From his publishers at Knopf:
McClatchy is the author of eight volumes of poetry, including Hazmet, which was a finalist for the Pulitzer Prize; his most recent, Plundered Hearts: New and Selected Poems, was published in 2014. Also the author of several collections of essays, and the editor or co-editor of some dozens of volumes, including works by James Merrill, Thornton Wilder, and Edna St. Vincent Millay, he was a significant translator of opera libretti, from The Magic Flute to Miss Lonelyhearts. McClatchy was a longtime editor of the Yale Review and served as president of the American Academy of Arts and Letters. In addition, he was the literary executor for the poets Anthony Hecht and Mona Van Duyn and co-executor for James Merrill. He is survived by his husband, Chip Kidd, Associate Director of Cover Art at Knopf, as well as three sisters, Edith Pahl, Joan Brennan, and Elizabeth Davis.
Deborah Garrison, his longtime editor at Knopf, stated:
He was the most admirable of poets because he combined formal discipline with a refusal to be formal in the subjects he treated — all was fair game, as he examined the hazardous materials of the body, the heart, and our troubling desires and needs.
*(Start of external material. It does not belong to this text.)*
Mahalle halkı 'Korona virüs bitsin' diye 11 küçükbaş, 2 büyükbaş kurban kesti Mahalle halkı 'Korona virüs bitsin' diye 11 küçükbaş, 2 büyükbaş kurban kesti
He was exacting in contemplating our failures, but he loved their aftermath, which he studied with that keen poet’s awareness that we could be better, do better, and that beautiful things (the opera, good poems, dear friends) were our worthiest refuge. His life, too, was lived with precise purpose, and a breezy cheerfulness about the messiness of it all. Sandy always had time to gossip in the midst of myriad deadlines, and I marveled at the hours he logged in his dedication to the literary arts. His own work was a major contribution to American poetry, yet he rarely mentioned it because he was busily engaged in editing or enlarging the work of others. His part in shepherding multiple volumes of James Merrill’s collected writings will remain a high point for me personally, as he taught me how to properly honor the poets we love, and how we can grow by inhabiting their work more deeply over time. This will be true for all of us when it comes to McClatchy’s splendid poems, which will continue to reward and surprise us when we need them most.